Second, what about contracts from other transactions?

“Forms” is the perhaps the term most widely used, but this meaning strays rather far from, and is inconsistent with, the original meaning of a fill-in-the-blanks form.

And as described above, one meaning of “model” would preclude it from serving this function, and the other meaning is too broad.

So here’s my choice: “precedent contract.”

All Contracts Used in Preparing a New Contract

Your best bet for a collective term for templates and precedent contracts would be “model,” but it’s not ideal, given the alternative meanings mentioned above.

It might be best not to use such a collective term. And I don’t think you’d miss not having one.

What do you think?

About the author

Ken Adams is the leading authority on how to say clearly whatever you want to say in a contract. He’s author of A Manual of Style for Contract Drafting, and he offers online and in-person training around the world. He’s also chief content officer of LegalSifter, Inc., a company that combines artificial intelligence and expertise to assist with review of contracts.

3 thoughts on “What to Call Contracts You Base a New Contract On”

  1. I think you’re straying a little too far from reality with this one. I find the technical minutiae discussed on this site useful for refining my drafting and negotiating skills. I also enjoy the intellectual discourse.

    This question is just complete nonsenese. I’ve practiced for many years both in private practice (large firm) and in-house (Fortune 500). The only context in which I can think of this arising is when I ask a colleague for a document. Whether I ask her for a template, form or model, I am certain she’ll know exactly what I’m talking about and provide me with whatever materials she has that would be helpful.

    Also, “Master Contract” *is* a widely used term (although not as often as “Master Agreement”). We have a number of vendors who provide agreements styled “Master Contract” that set forth certain standard terms for all transactions. Under those Master Contracts are “Attachments” that specify terms for particular types of transaction. So you would see a Master Contract, then a Professional Services Attachment that provides the specific terms for professional services (and schedules or statements of work under that that define a particular engagement).
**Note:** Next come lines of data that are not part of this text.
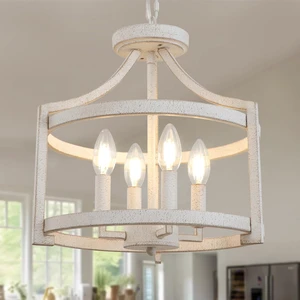 4-Light Farmhouse Chandelier, Rustic Semi Flush Mount Ceiling Light 4-Light Farmhouse Chandelier, Rustic Semi Flush Mount Ceiling Light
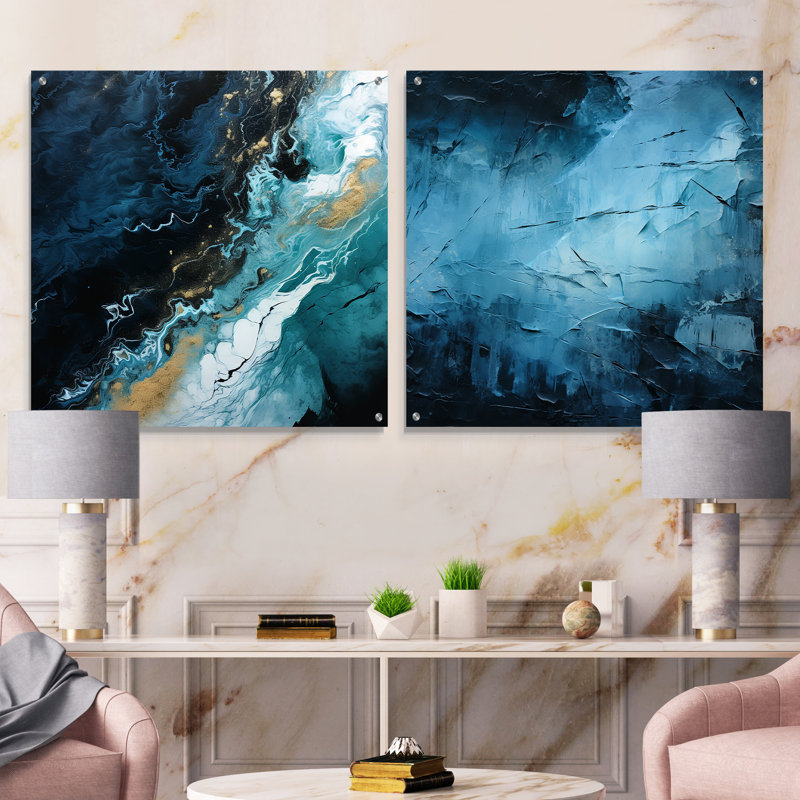 Blanc et bleu abstrait élément Fight - formes abstraites acrylique ensemble d'art en verre ensemble de 2, H 16 po x l 33 po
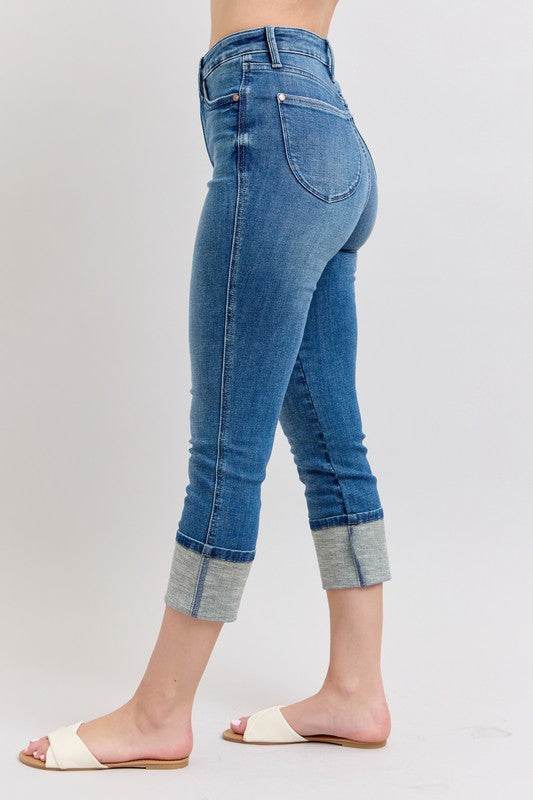 Judy Blue Full Size Skinny Cuff Capris Jeans with Pockets Plus Size - UnLaced Boutique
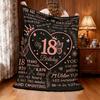 1pc 18th Birthday Celebration Flannel Throw Blanket Contemporary Digitally Printed Design for All Seasons Versatile Multipurpose P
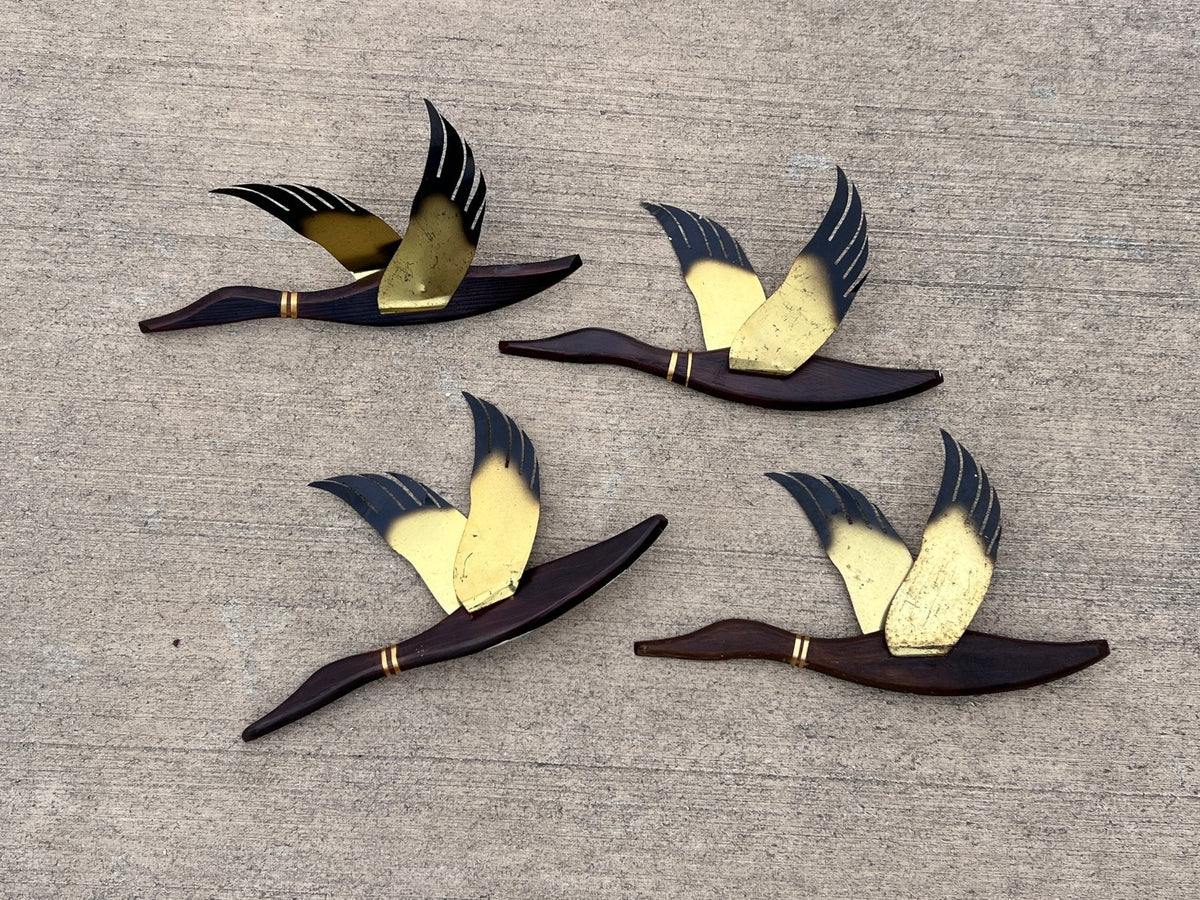 Set of 4 Mid-Century Soaring Ducks 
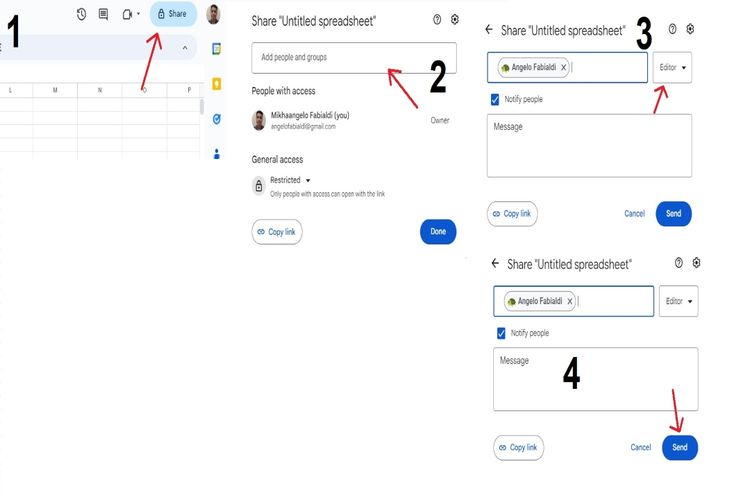 ilustrasi cara membuat agar Google Sheets dapat diedit semua orang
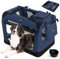 Leopet® Hundebox - Faltbar, Große/Kleine Hunde, Stoff, mit Napf, für Zuhause, Auto - Transportbox, Transporttasche, Tragetasche, Hunde, Katzen, Haustier (Blau, XL: 81x58x58 cm - LxBxH)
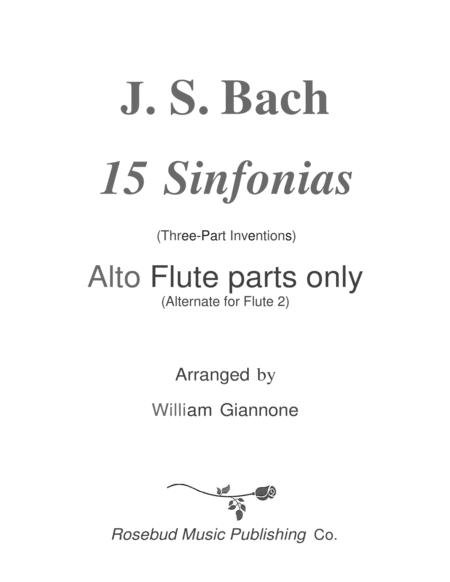 Bach 15 Three Part Inventions For 3 Flutes Altofluteparts Sheet Music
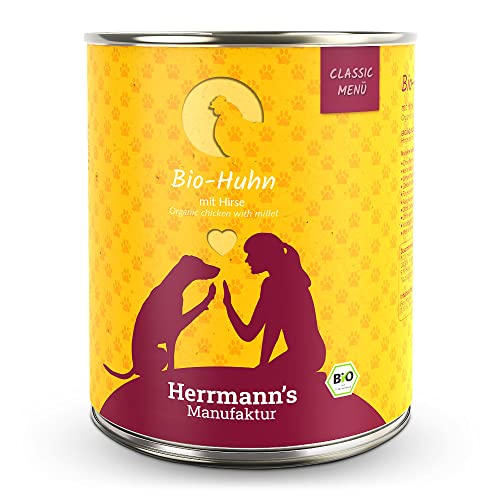 Herrmanns Bio Hundefutter Huhn Menu 2 mit Hirse, Kürbis, Zucchini 800 g, 6er Pack (6 x 800 g)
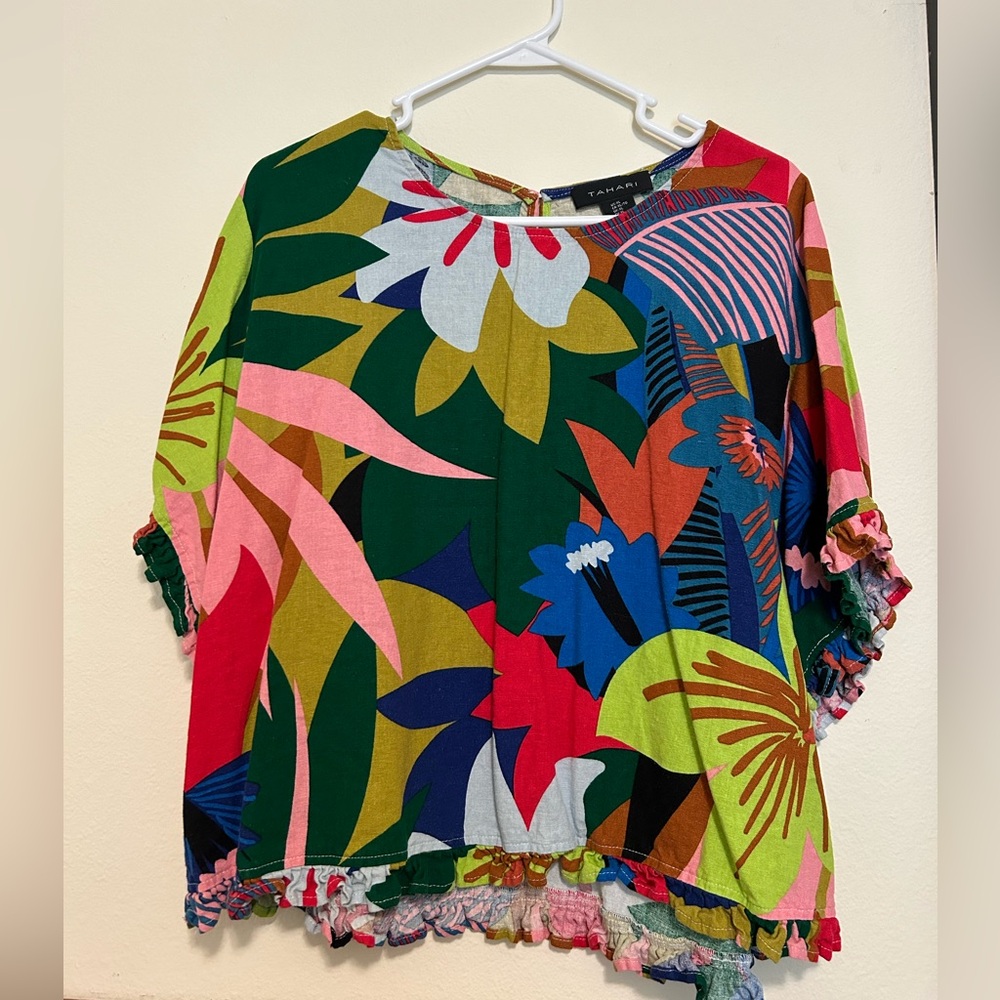 Multicolored 100% linen blouse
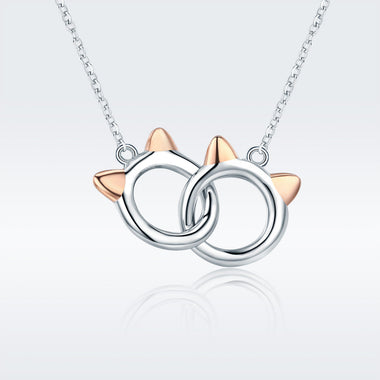 925 Sterling Silver Necklace, Length 38-45cm, Pendant 1.2*1cm, for Women - 0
    Actually, responding to your question makes me think of what is perhaps a more-interesting question: how to document ongoing contractual relationships between parties that provide common terms yet are flexible enough to “push down” details to the various attachments.

    The IBM Customer Agreement is probably the most common example of this structure, by the way. I don’t have a copy at hand, nor do I recall whether it purports to be confidential information, but IBM does business with so many parties that the ICA (as it is affectionately known) is ubiquitous these days.

  2. Dear 10803: First, a note on etiquette. Normally I’m delighted to entertain suggestions that I’m talking nonsense, but I’d prefer that such suggestions come from someone who is willing to to identify him- or herself.

    As to the utility of this post, yesterday I received an email from the CEO of a legal-services company. He noted that his company had just been considering the question discussed in my post. Evidently I’m not the only person who thinks this topic worthy of some attention.

    I agree that “master contract” is a well-know transaction concept. But that usage is entirely different from using “master contract” or “master agreement” to mean “template.” Those conflicting meanings is another reason not to use “master contract” or “master agreement” to mean “template.”

    But thank you for mentioning the transactional sense of the term “master contract.” I could indeed do with investigating that.


  3. Ken: In terms of contracts from other transactions, another frequent term used by practitioners is “the mother.” As in, “use the ABC Purchase Agreement as the mother here” or “what was the mother for this first draft?”

    I have longed despised the term “mother” in this context but stuggled to find a suitable substitute. From now on, I am using your suggested term “precedent contract.”